Materials and Methods
This study covers 59 patients with prostate tumours. These patients were recruited from the urology department of the Thiès regional hospital and the Saint Jean de Dieu hospital in Thiès between January 2021 and December 2022. Inclusion criteria were a suspicious digital rectal examination (DRE) with a PSA level greater than 4 ng/ml, followed by biopsies for histopathological diagnosis. After review in accordance with the rules laid down by Senegal’s National Health Research Ethics Committee (SNHREC) and in compliance with the procedures established by Cheikh Anta Diop University in Dakar (UCAD) for all research involving human participants, ethical approval was obtained for this study. The objectives of the study, the protocol, the benefits and the confidentiality criteria were explained to each patient to give them the opportunity to accept or refuse to take part. In the case of acceptance, a duly completed and signed informed consent form was required for admission to the study. For data collection, we collected demographic data (surname, first name, age, ethnicity, reason for consultation), PSA levels and medical history from routine family files.
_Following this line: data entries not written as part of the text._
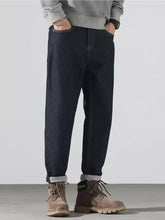 Men’s dark-wash denim pocketed loose fit jeans with relaxed fit and rolled cuffs for all-day comfort
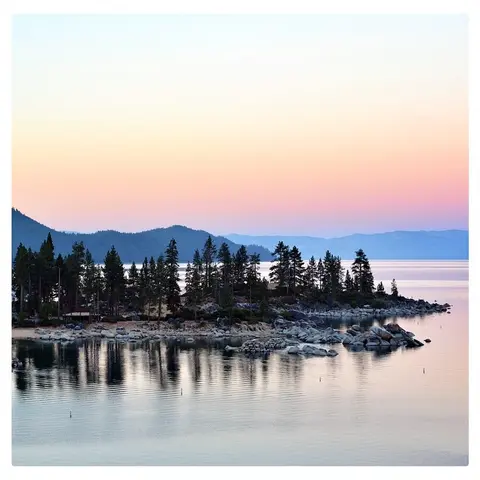 A calm lake reflecting trees and a colorful twilight sky.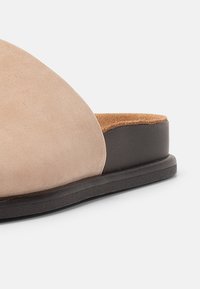 Atviros nosies sandalai iš minkštos kreminės suedes su korko padu. Yra juodas gumos padas ir išlenkta viršutinė dalis, užtikrinanti komfortą.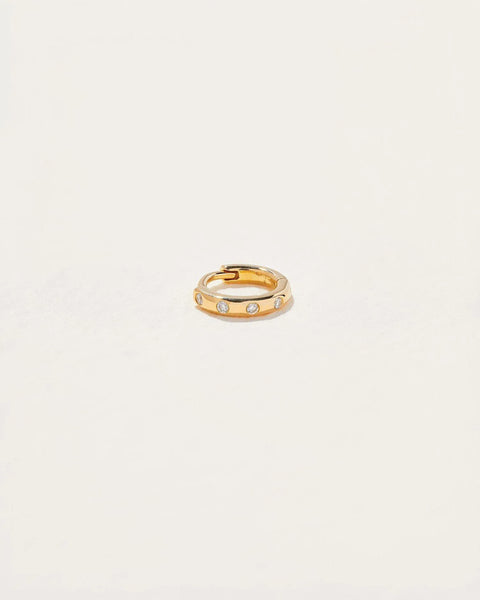 6mm Dot Huggie by Pamela Love – Piercing in #product_material# (#product_color#).  6mm-diamond-dot-huggie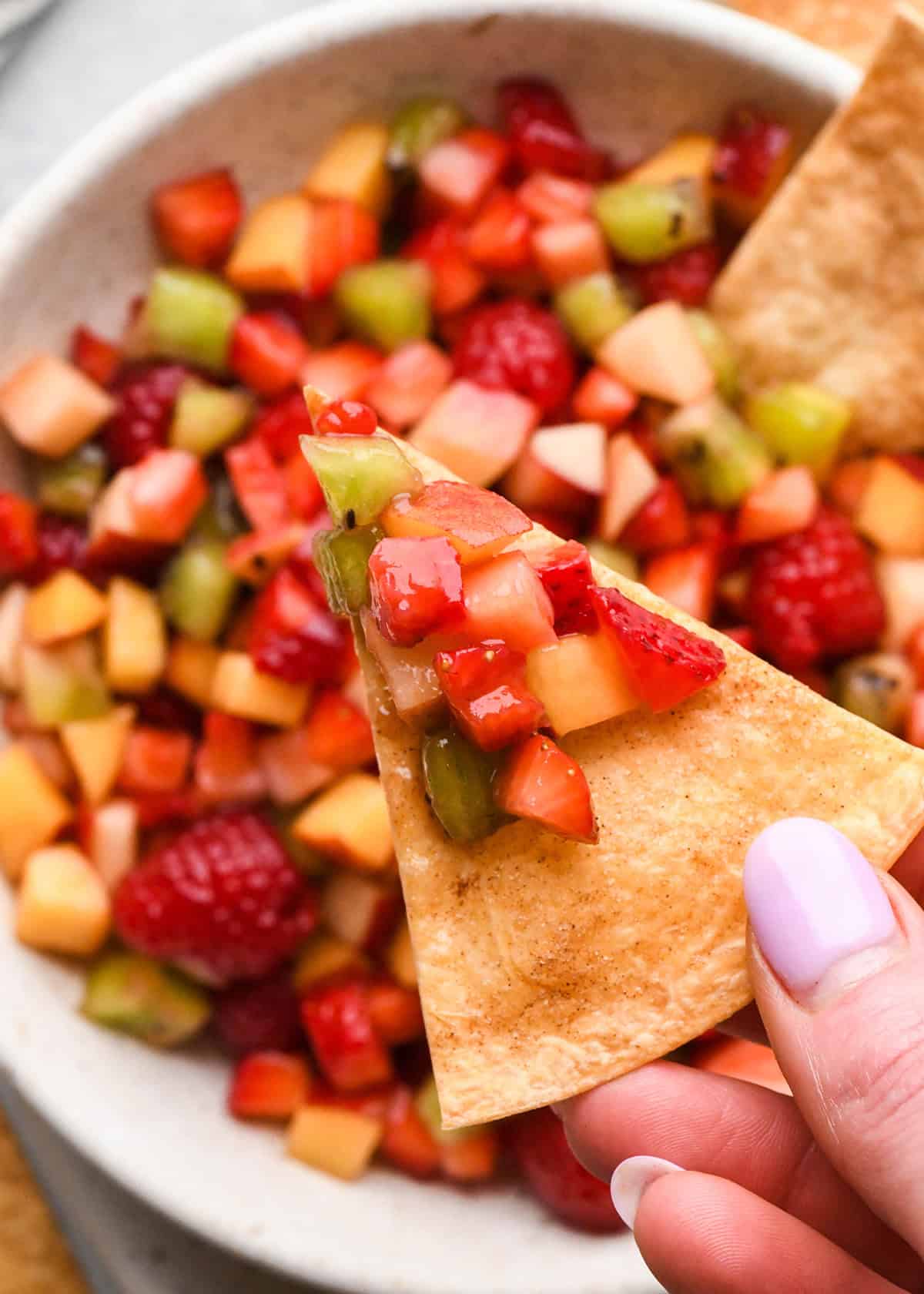 up close photo of a cinnamon chip with fruit salsa on it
DNA Extraction and Amplification of the BRCA1 and BRCA2 Genes
Total DNA from each sample was extracted using the Qiagen protocol (Qiagen Dneasy Tissue Kit). DNA quality was checked by electrophoretic migration on a 1.5% agarose gel. For a given gene, the conditions for DNA amplification are the same whatever the pathology and for both tumour tissues and controls. PCR amplification conditions included a 1st step of a 12 minute of initial denaturation at a temperature of 95°C, followed by a 2nd step consisting of 35 cycles of 15 seconds of denaturation and hybridization at 94°C and 57°C respectively, primer elongation at 72°C/1 minute, and a 3rd step: final elongation or polymerization at 72°C for 5 min. PCR products were checked by electrophoretic migration on 1.5% agarose gel from 5 μl of amplicons. The size of each amplified gene was estimated using a 500 bp SmartLadder size marker.
The primer sequences and corresponding amplicon sizes are shown in Table 1.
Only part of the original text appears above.